Government's reliance on free market economics makes essential drug prices too high for the poor

Peer-Reviewed Publication

PLOS

Research in Malaysia, published in the latest PLoS Medicine, has established that drugs considered essential for adequate health care are often priced beyond the reach of the poorer members of society. It would cost, for example, three days wages for a low-paid government worker to buy a month’s supply of a commonly prescribed stomach ulcer pill.

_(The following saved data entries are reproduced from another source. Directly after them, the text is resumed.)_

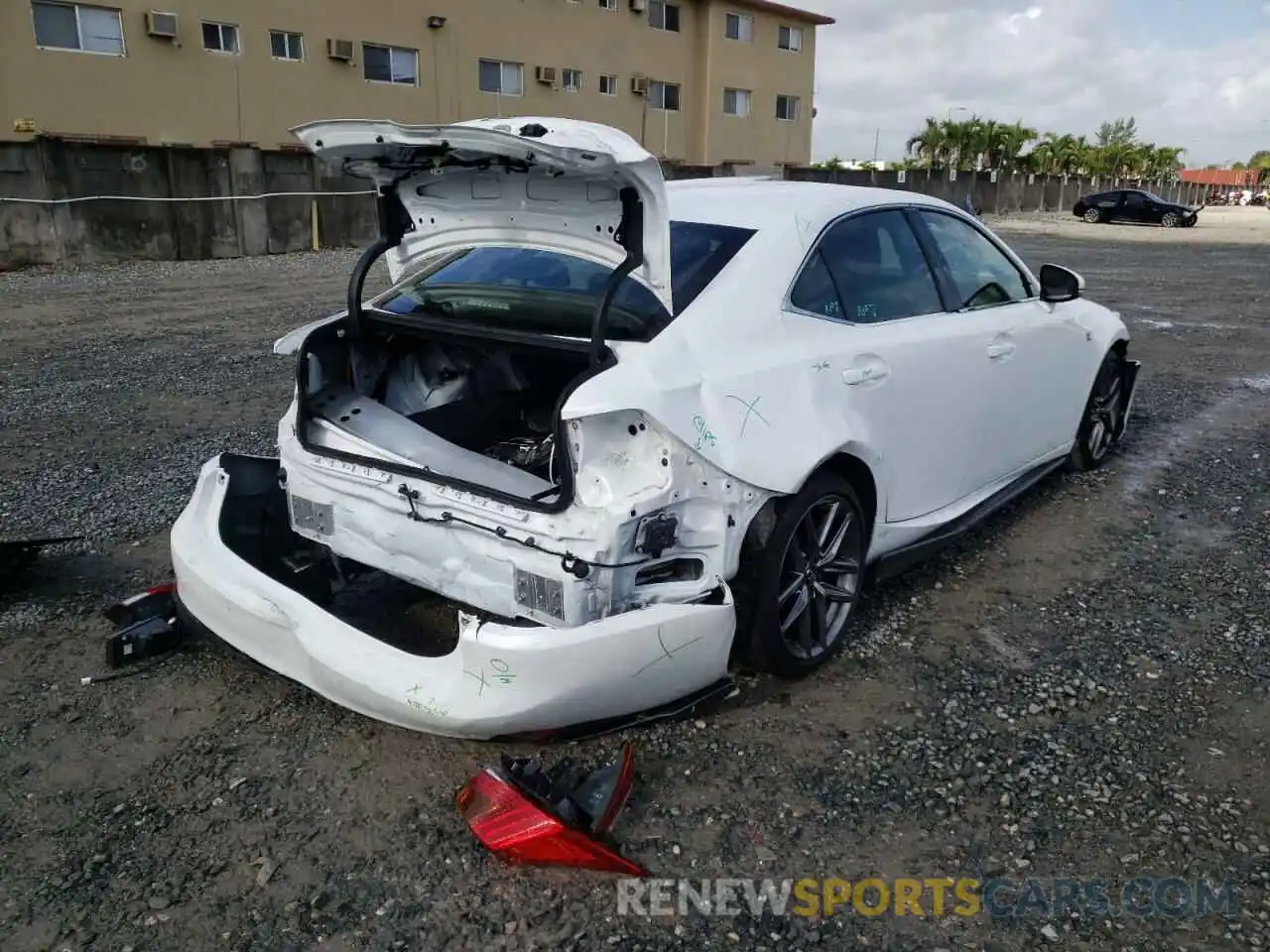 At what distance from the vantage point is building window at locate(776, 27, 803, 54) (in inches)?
1372

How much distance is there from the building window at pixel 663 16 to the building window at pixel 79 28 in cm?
1564

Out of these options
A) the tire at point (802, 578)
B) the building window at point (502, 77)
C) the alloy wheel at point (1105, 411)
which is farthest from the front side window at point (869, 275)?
the building window at point (502, 77)

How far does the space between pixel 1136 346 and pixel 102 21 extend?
67.0 ft

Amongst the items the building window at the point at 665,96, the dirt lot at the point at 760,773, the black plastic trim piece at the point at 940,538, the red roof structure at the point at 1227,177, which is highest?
the building window at the point at 665,96

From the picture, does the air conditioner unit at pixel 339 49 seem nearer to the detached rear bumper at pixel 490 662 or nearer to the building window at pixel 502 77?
the building window at pixel 502 77

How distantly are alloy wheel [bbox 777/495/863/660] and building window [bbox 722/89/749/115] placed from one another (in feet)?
106

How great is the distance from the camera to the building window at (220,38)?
2181 cm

The researchers, from Malaysia and from France, looked at the cost of 48 key drugs across the country; 28 were part of a "core list" identified by the World Health Organization as "essential drugs" on the basis of the global burden of disease and 20 reflected health care needs in Malaysia itself. The costs of each medicine were collected from government hospitals, private pharmacies, and dispensing doctors. The researchers noted both the prices of the "innovator brands’ (made by the original patent holder) and of "generic" brands (an equivalent drug produced by a different company once the exclusive patent has expired). Prices were compared against international reference prices (IRP), which are the average prices offered by not-for-profit drug companies to developing countries. The researchers also compared t he cost of the drugs with daily wages, in order to work out their "affordability."

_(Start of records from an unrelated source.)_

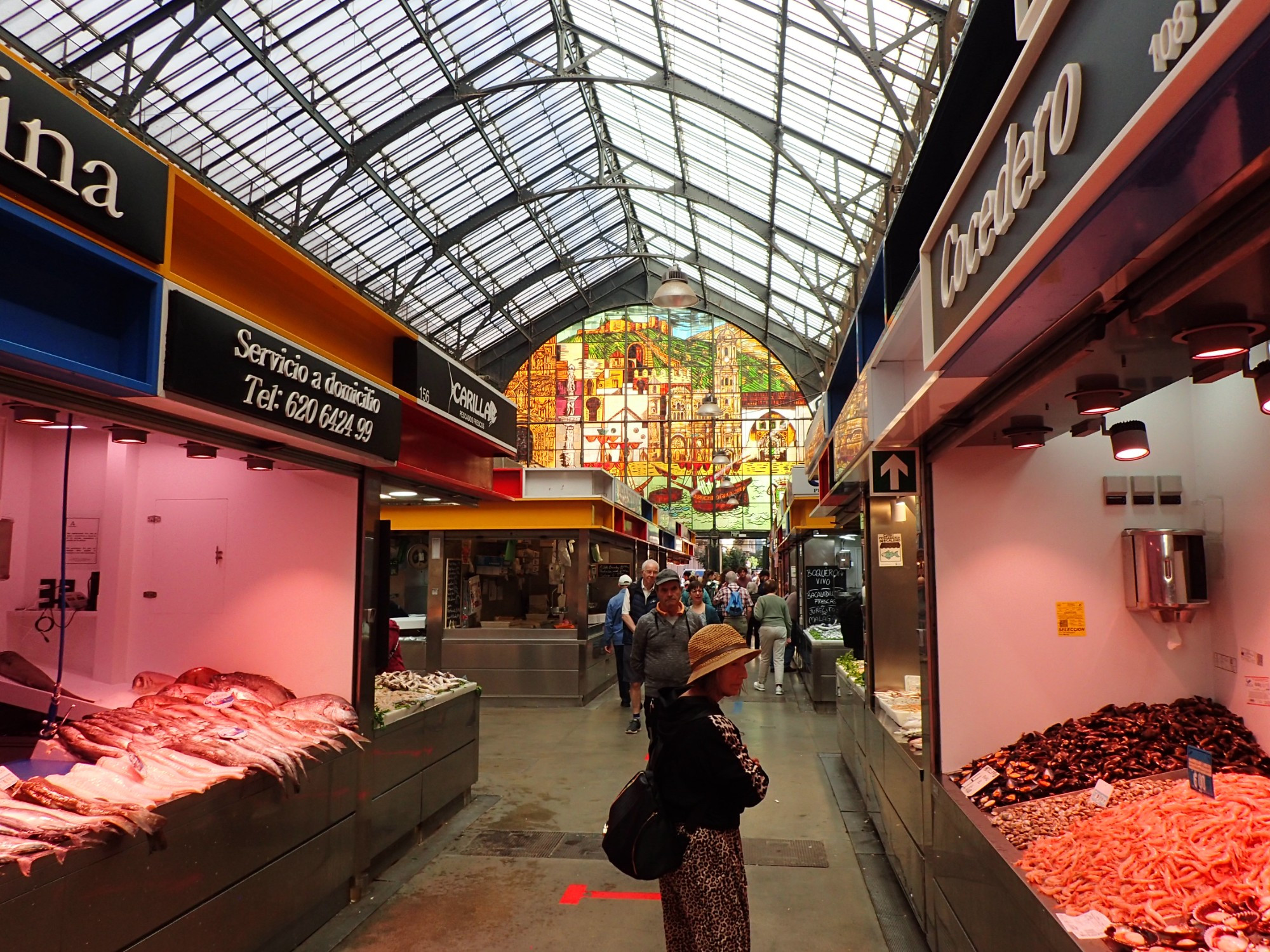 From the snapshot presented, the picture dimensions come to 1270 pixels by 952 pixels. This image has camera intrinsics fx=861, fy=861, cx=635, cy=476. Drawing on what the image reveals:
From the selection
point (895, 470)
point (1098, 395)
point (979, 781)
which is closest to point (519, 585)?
point (895, 470)

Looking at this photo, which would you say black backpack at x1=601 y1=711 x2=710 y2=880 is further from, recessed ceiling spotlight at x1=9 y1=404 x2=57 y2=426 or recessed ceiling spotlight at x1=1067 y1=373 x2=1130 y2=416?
recessed ceiling spotlight at x1=9 y1=404 x2=57 y2=426

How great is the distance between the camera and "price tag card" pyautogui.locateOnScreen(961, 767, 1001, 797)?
3.33m

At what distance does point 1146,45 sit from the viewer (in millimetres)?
1195

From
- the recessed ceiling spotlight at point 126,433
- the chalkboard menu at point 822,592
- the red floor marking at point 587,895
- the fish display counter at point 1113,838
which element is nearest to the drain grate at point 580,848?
the red floor marking at point 587,895

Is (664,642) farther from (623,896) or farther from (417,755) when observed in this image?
(623,896)

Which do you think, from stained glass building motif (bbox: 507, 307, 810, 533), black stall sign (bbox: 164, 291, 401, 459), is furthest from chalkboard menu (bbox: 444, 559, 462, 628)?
stained glass building motif (bbox: 507, 307, 810, 533)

Prices were on average up to 16 times higher than the IRP. The availability of medicines was also poor, with only 25% of generic medicines available through the public sector. One month’s supply of ranitidine (a drug for stomach ulcers) was equivalent to around three days’ wages for a low-paid government worker, and one month’s supply of fluoxetine (an antidepressant) would cost around 26 days’ wages. The cost of medicines in Malaysia appears to be much higher than in India and Sri Lanka, where there are government regulations intended to make medicines affordable. In contrast, Malaysia allows market forces to determine drug prices. The researchers say that the Malaysian government should set up mechanisms to prevent drug manufacturers from increasing prices too much and thus ensure greater access to essential medicines. The research has implications for health policy in other parts of the world.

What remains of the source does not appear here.